Set down, unchanged, the line holding "Основное фото Светильник" and all lines that follow it to the end of the material, leaving pictures out.

GIVEN DATA:

*** Block opens ***

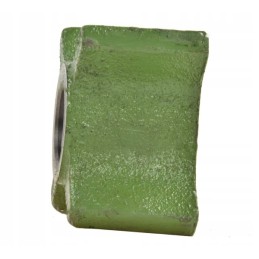 Sankabos įdėklas su angos skersmuo 30mm, barstytuvas 22130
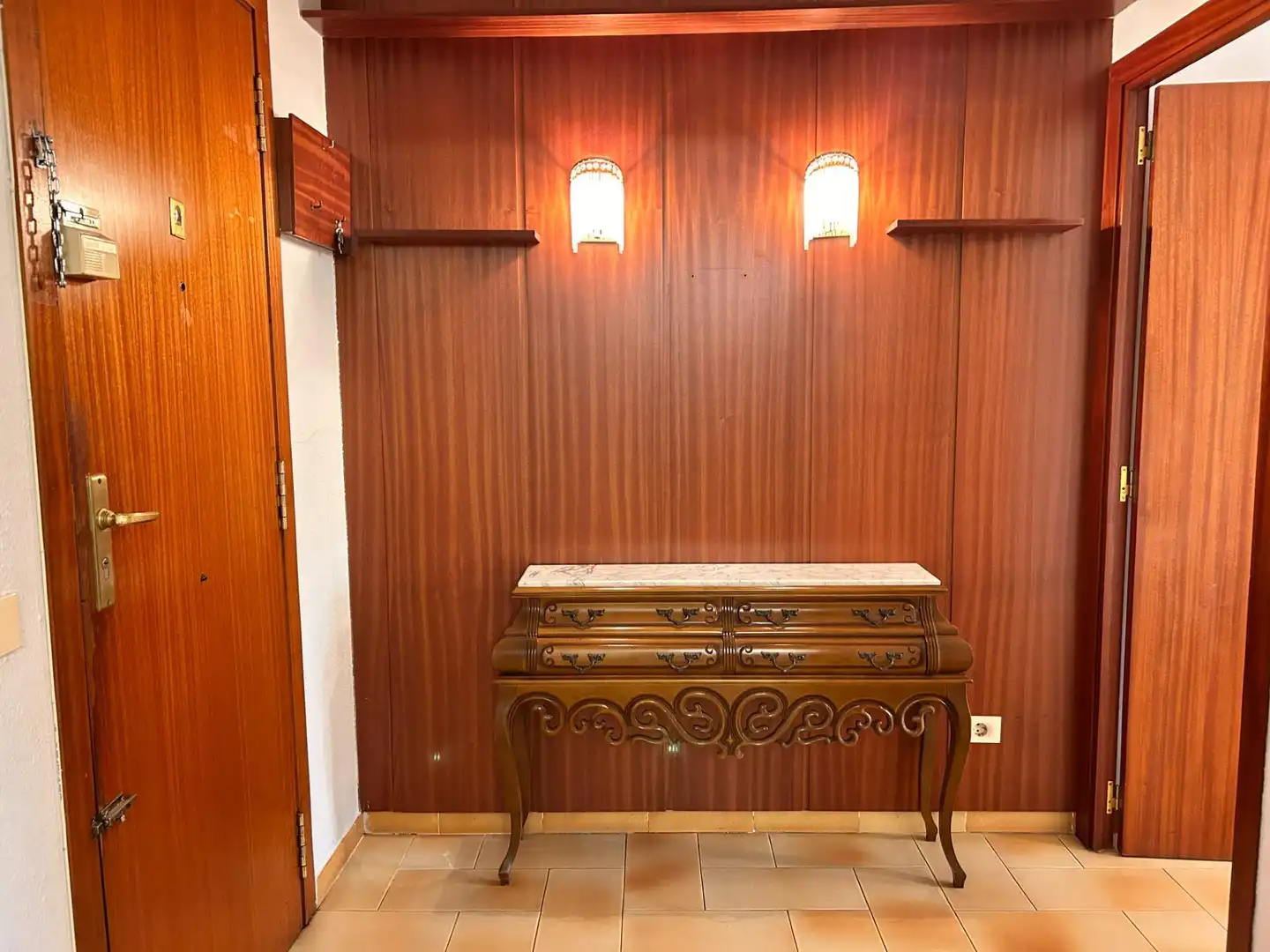 Appartement avec terrasse à vendre à Peramàs, imagen 12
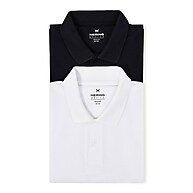 Polo Masculina Kit 2: Conforto e Estilo! - imagem 1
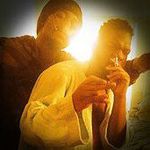 Deandre Howard - @ultrabearz - Instagram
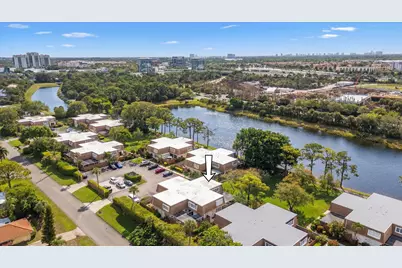 4348 Hazel Avenue #Unit B, Palm Beach Gardens, FL 33410 - Photo 21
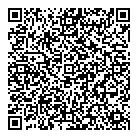 QR код "Сердечко"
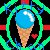 :iconpersonaplayer:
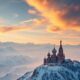 Contracts and Warranties in Russian Real Estate Law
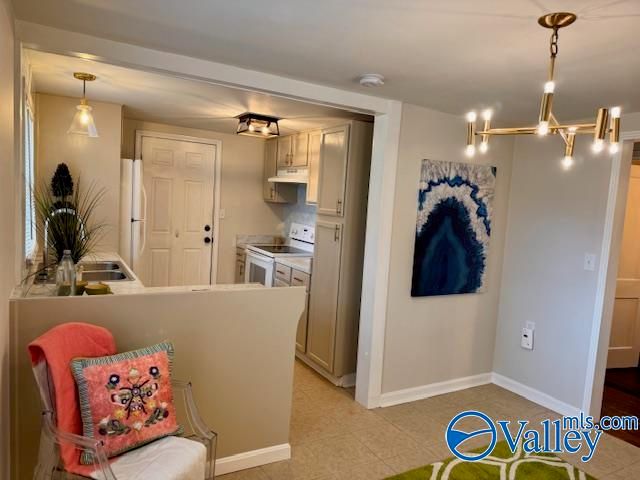 1508 Mckinley Avenue, Huntsville, AL 35801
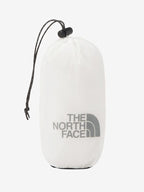 Women's Strike Trail Jacket #SQ [NPW62576]｜THE NORTH FACE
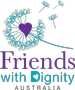 Friends with Dignity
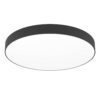 901905_VIEW_0001 | Eglo Romania Aplica PORTILLO GU10 2X5W IP20 902032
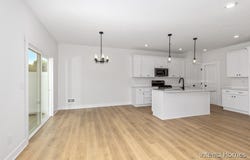 2839 W Highgate Street, Kentwood, MI 49512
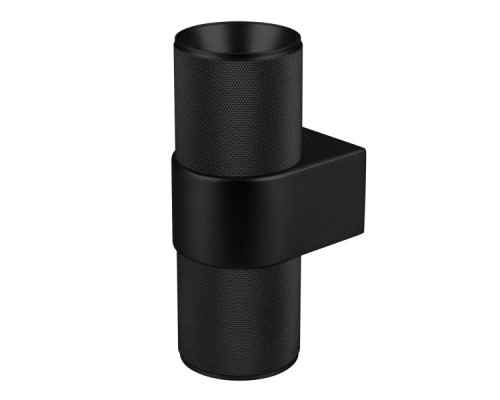 Основное фото Светильник настенный Arlight SP-Spicy-Wall-Twin-S180x72-2x6W Warm3000 033734: Купить в Интернет магазин освещения GCSVET.RU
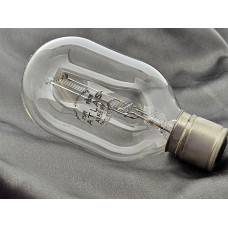 Atlas A1/58 250v 1000w P28s Projector Lamp BRS 6185C
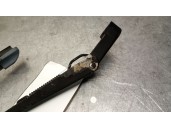 Recambio de brazo limpia trasero para hyundai accent (lc) 1.5 crdi cat referencia OEM IAM 9881025050 9881025050 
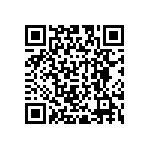 LT6100CDD-TRPBF QRCode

*** Block closes ***

SOLVED PROBLEM:
 Основное фото Светильник настенный Arlight SP-Spicy-Wall-Twin-S180x72-2x6W Warm3000 033734: Купить в Интернет магазин освещения GCSVET.RU
 Atlas A1/58 250v 1000w P28s Projector Lamp BRS 6185C
 Recambio de brazo limpia trasero para hyundai accent (lc) 1.5 crdi cat referencia OEM IAM 9881025050 9881025050 
 LT6100CDD-TRPBF QRCode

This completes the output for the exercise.